Finn’s mom, Lynda Michel, says because of bullying and harassment in the small community, her child has attempted suicide multiples times.

“I am my kid’s biggest protector, defender, cheerleader so it makes me extremely angry especially when I have approached the principal multiple times about this,” says Michel.

KIMT has made calls to the school to find out where they are with these complaints. Superintendent Mike Funk says he was only made aware of the issues Monday and says while he cannot comment on specifics; he and other district officials are investigating the family’s claims.
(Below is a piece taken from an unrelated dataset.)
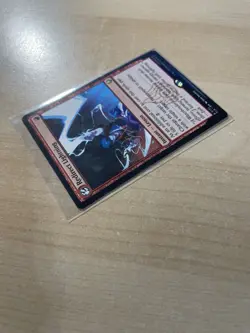 Redirect Lightning Avatar: The Last Airbender Regular - Image 5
We do know the district has specific policies and a system in place when it comes to reporting harassment and bullying.

The harassment and violence policy states:
“The policy of the school district is to maintain a learning and working environment that is free from harassment and violence on the basis of race, color, creed, religion, national origin, sex, gender, age, marital status, familial status, status with regard to public assistance, sexual orientation, or disability. The school district prohibits any form of harassment or violence on the basis of race, color, creed, religion, national origin, sex, gender, age, marital status, familial status, status with regard to public assistance, sexual orientation, or disability.”

It goes on to say the school will investigate all complaints formal and informal. Dealing with these type of complaints is nothing new for Director of Secondary Programs with Albert Lea Schools, Kathy Niebuhr.

“What all of these policies call for is progressive restriction action all the way up to suspension or expulsion from school. We never want it to get to that point,” says Niebuhr.

But Finn says the targeting doesn’t stop at students.

“I’ve kind of seen it from some teachers to who don’t always address me as the right pronoun.”

Or doing exercises signaling them out, to which Niebuhr says the mentality has to change.

“Well this is the way we do things. Well you know we don’t do that anymore, we have to be sensitive to our students,” she says.

Whether it comes to gender neutral bathroom access or nicknames, Niebuhr says as a district they are very willing to make accommodations for all students. In every building there are gender neutral bathrooms.

As for Michel, she just wants it to stop.

“You know people are entitled to their feelings about whatever in this world but you are not entitled to hurt other people,” says Michel.